**Caption-style text data:**
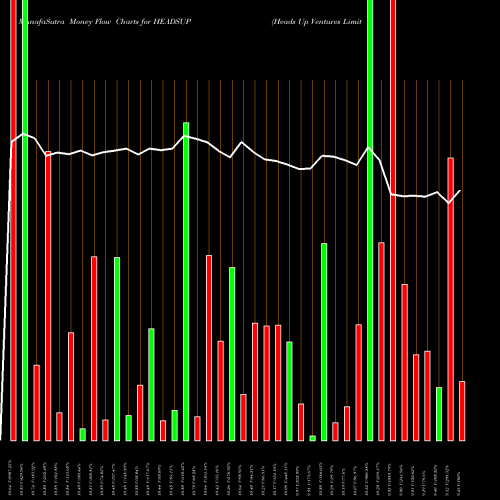 Money Flow charts share HEADSUP Heads Up Ventures Limited NSE Stock exchange 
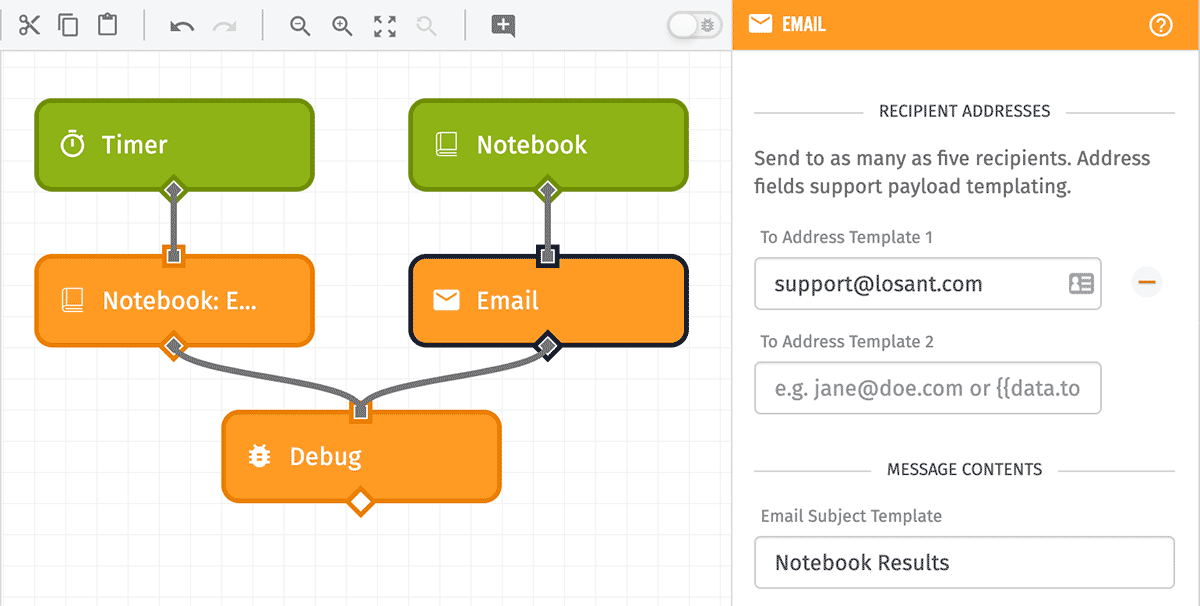 Example Notebook Workflow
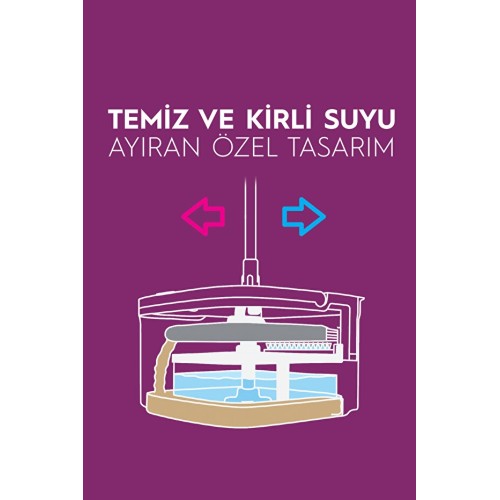 Parex Wondero Otomatik Temizlik Seti+ Wondero Yedek Paspas Fiyatı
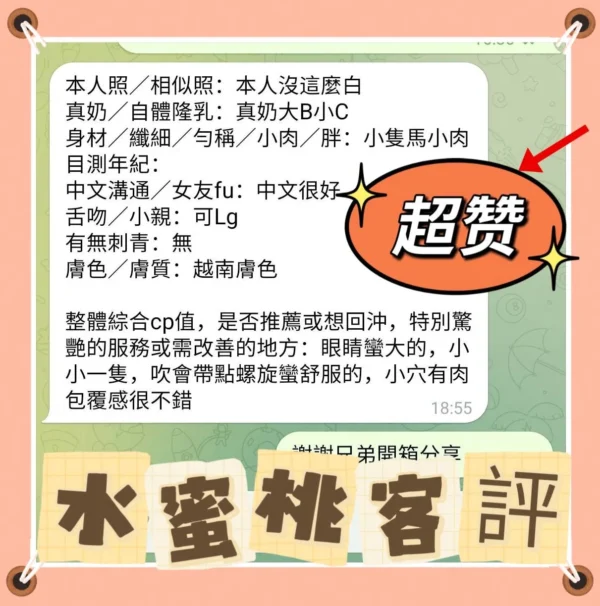 高雄定點茶-水蜜桃：圖片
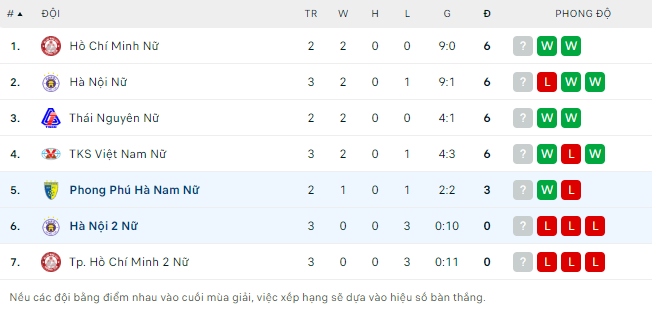 Nhận định, soi kèo nữ Hà Nội II vs nữ PP Hà Nam, 16h ngày 11/9 - Ảnh 2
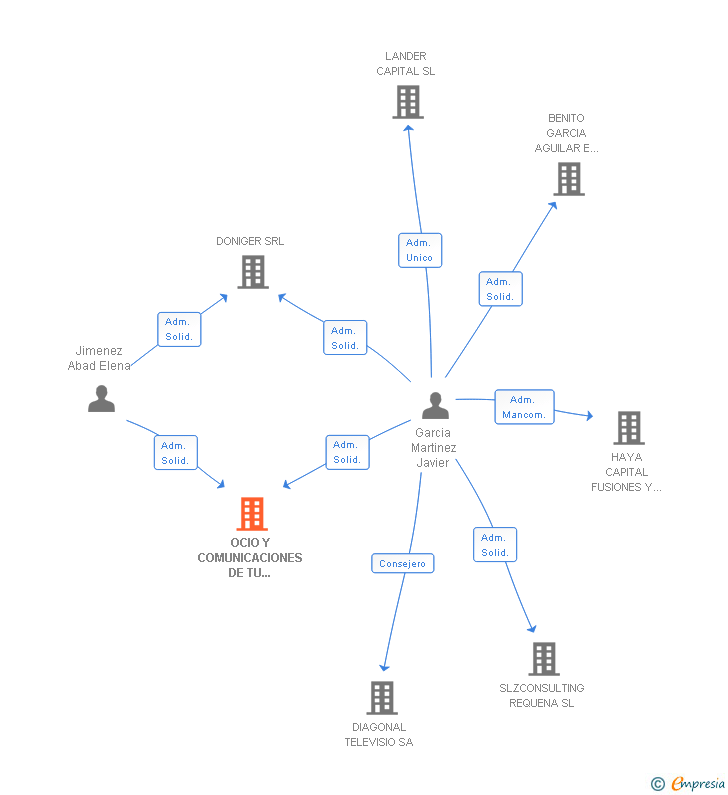 Vinculaciones societarias de OCIO Y COMUNICACIONES DE TU CIUDAD SL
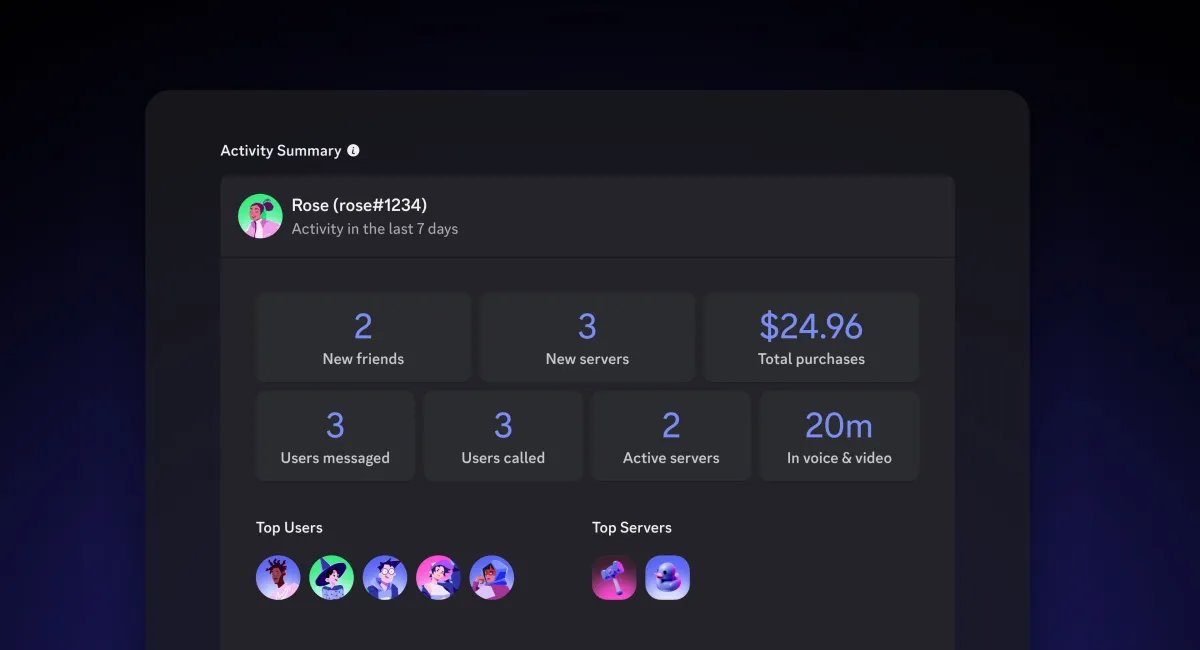 Discord’s Family Center update now lets parents monitor weekly purchases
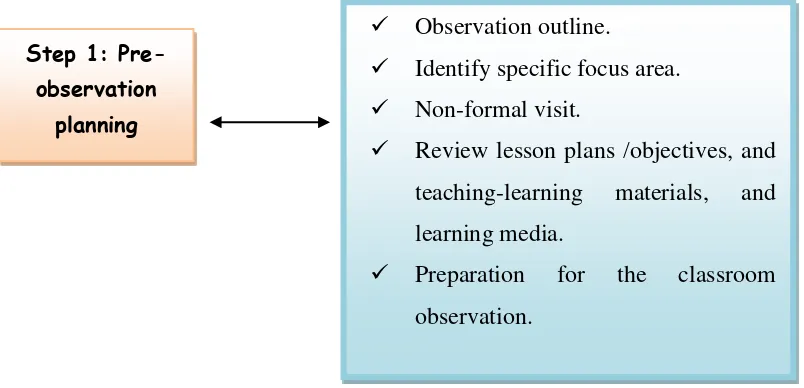 Figure 3.1 Classroom observation steps according to Hammersley (Hammersley-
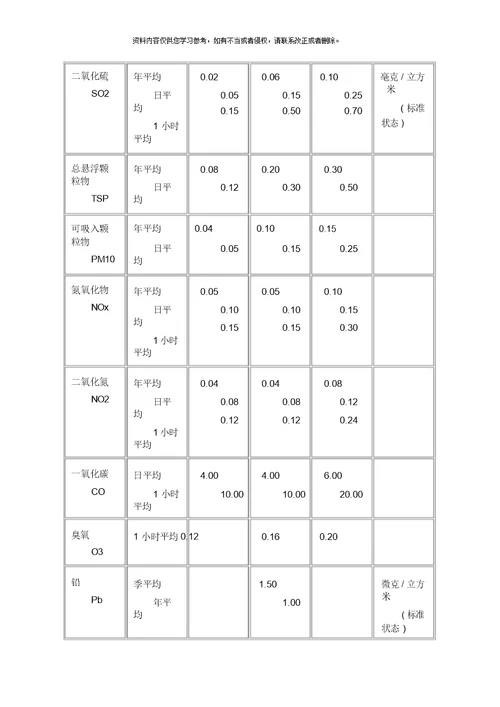 环境空气质量标准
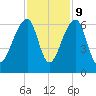 Church Flats tide chart for Thursday, November 9, 2023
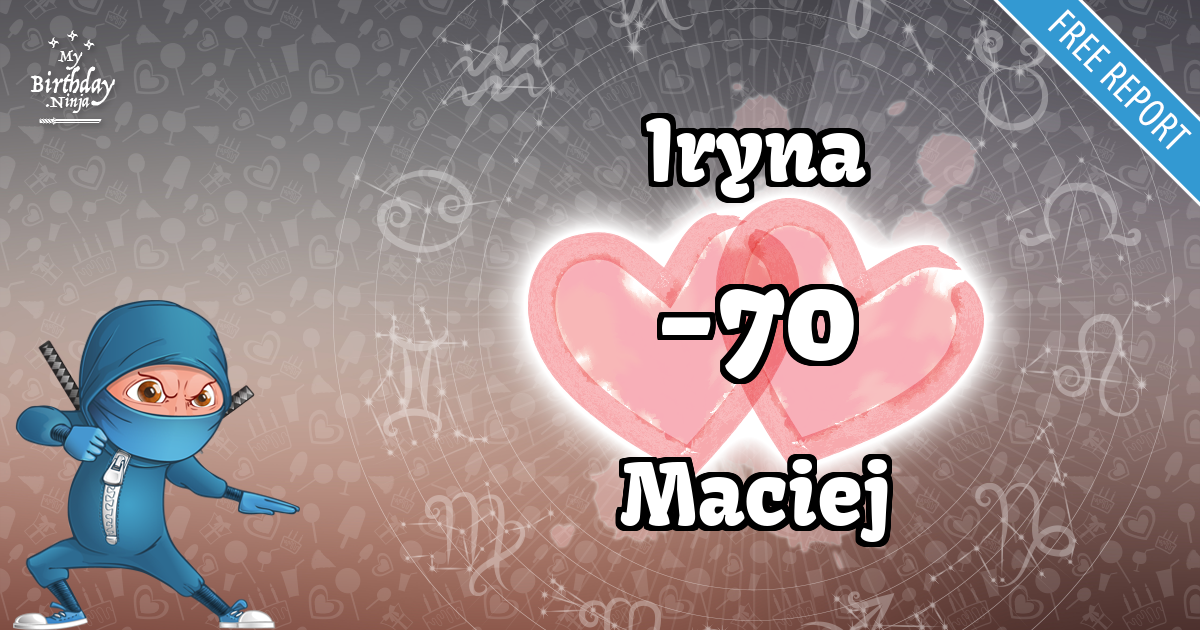 Iryna and Maciej Love Match Score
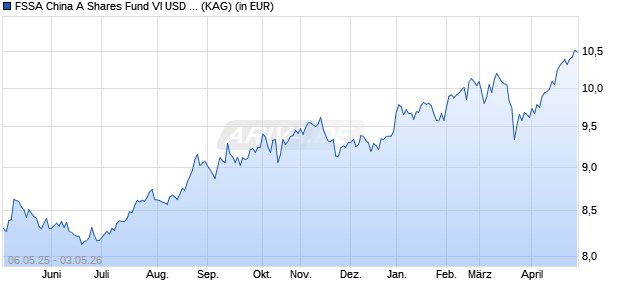 Performance des FSSA China A Shares Fund VI USD inc (WKN A2PG8H, ISIN IE00BJ065F05)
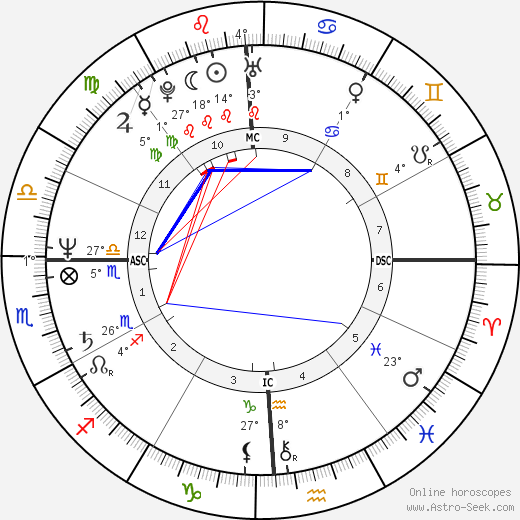 Stepfanie Kramer birth chart, biography, wikipedia 2023, 2024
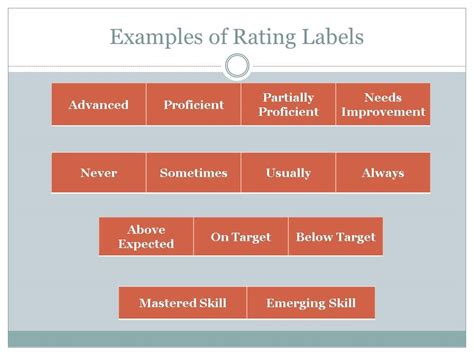 Satanists and tanoids will never have sense sha. Checklists Rating Scales Rubrics BB - YouTube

**Goal of the exercise:** Only the lines from the line with "Nhận định, soi" through the closing line of the data, both included, should be set down, exactly as written and without pictures.

**Exercise solution:**
 Nhận định, soi kèo nữ Hà Nội II vs nữ PP Hà Nam, 16h ngày 11/9 - Ảnh 2
 Vinculaciones societarias de OCIO Y COMUNICACIONES DE TU CIUDAD SL
 Discord’s Family Center update now lets parents monitor weekly purchases
 Figure 3.1 Classroom observation steps according to Hammersley (Hammersley-
 环境空气质量标准
 Church Flats tide chart for Thursday, November 9, 2023
 Iryna and Maciej Love Match Score
 Performance des FSSA China A Shares Fund VI USD inc (WKN A2PG8H, ISIN IE00BJ065F05)
 Stepfanie Kramer birth chart, biography, wikipedia 2023, 2024
 Satanists and tanoids will never have sense sha. Checklists Rating Scales Rubrics BB - YouTube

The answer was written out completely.